S’engager socialement en faveur des plus fragiles
Pour agir à partir de nos idées, rien de mieux que de commencer par du très concret. Les lieux de fragilité dans la société que nous formons sont nombreux et les besoins en bénévoles sont infinis. Dans les maisons de retraite, il faut des visiteurs pour prendre soin des personnes qui n’ont pas de famille. Le Secours Catholique recherche des personnes pour aider des enfants en difficulté à faire leurs devoirs. L’Ordre de Malte et tant d’autres associations ont besoin de bras et de cœurs pour faire leurs maraudes auprès des personnes sans logis.

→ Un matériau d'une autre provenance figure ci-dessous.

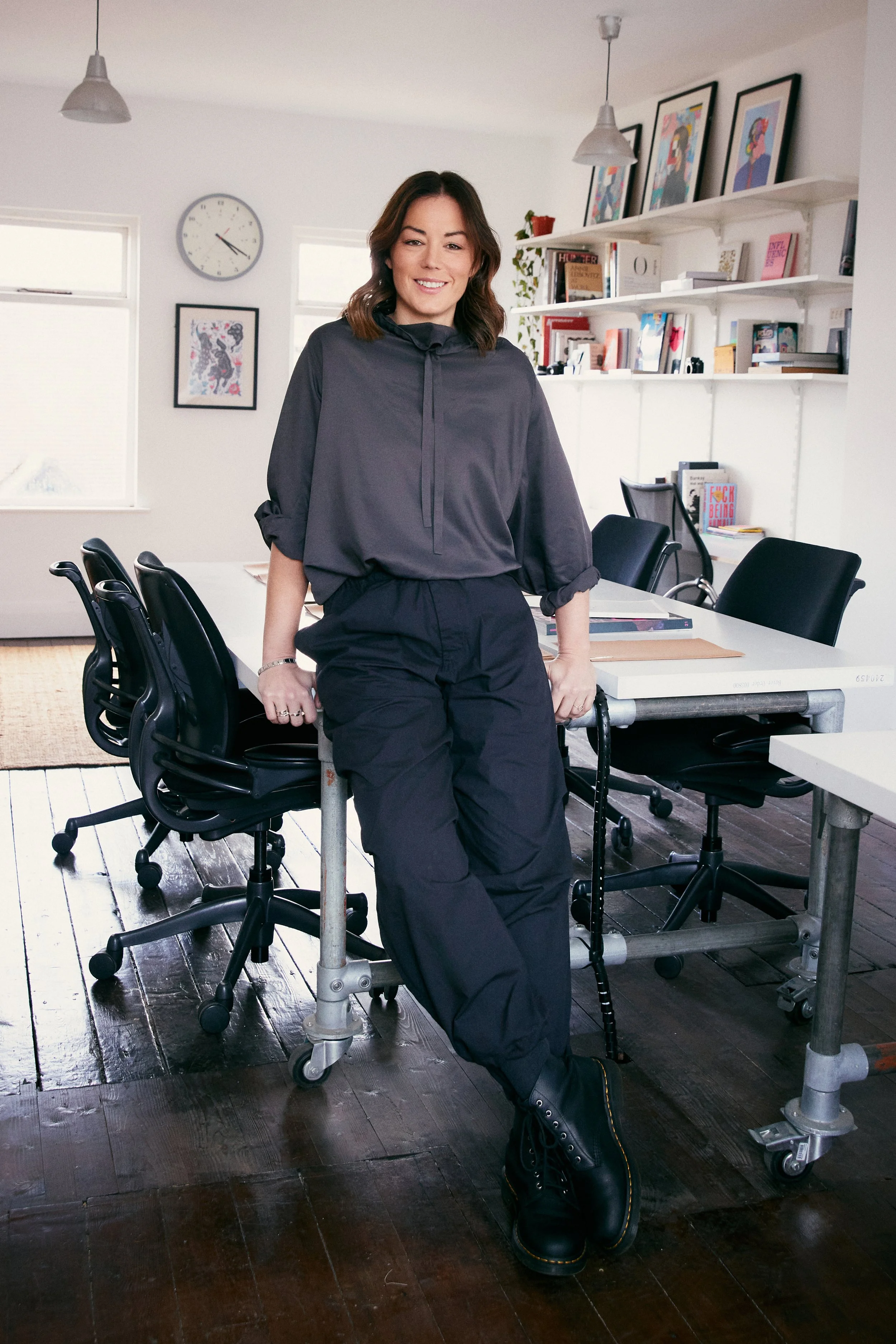 Katy Cowan, a woman with shoulder-length brown hair, smiling, wearing a dark grey jacket and black pants, standing in an office environment with a table and bookshelves in the background.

On ne peut pas être chrétien et ne pas expérimenter, dans sa vie très concrète, une rencontre régulière avec les exigences des plus fragiles. Et si les pauvretés n’apparaissent pas clairement parce qu’elles sont cachées, il est de notre devoir de les chercher et de les trouver, pour s’y engager énergiquement. De telles expériences façonnent notre coeur et nos émotions. Elles nous habituent aux désagréments de la vulnérabilité ; elles nous confrontent à son côté repoussant et difficile ; elles nous préparent à affronter nos propres situations de faiblesse.
Oser avoir peur !
Pendant la préparation au mariage, on finit toujours par aborder la question du handicap. C’est une sorte d’exercice fictif : « Et si vous attendez un enfant handicapé, que ferez-vous ? ». Les réactions varient beaucoup d’un couple à l’autre. Parfois, c’est une déclaration de principe un peu froide : « Mon Père, on est contre l’avortement, on le gardera. Évidemment. » Ou encore : « Nous, on avortera. C’est plus simple. » Plus souvent, le couple se met à vivre en direct des sentiments difficiles : la peur de l’improbable (« c’est vrai, ça peut aussi nous arriver »), la peur de l’inconnu (« je ne saurais pas quoi faire »), la peur du rejet (« jamais mes parents ne me soutiendront »), la peur de la réaction de l’autre (« notre couple ne tiendra pas »). J’aime ces moments, j’aime cette honnêteté qui nous fait quitter le café du commerce (« je suis pour, je suis contre ») pour descendre à l’intérieur de la vie. Oser aller vers le malaise, se confronter à des sentiments désagréables et le faire avec un tiers, c’est déjà prendre de bons réflexes.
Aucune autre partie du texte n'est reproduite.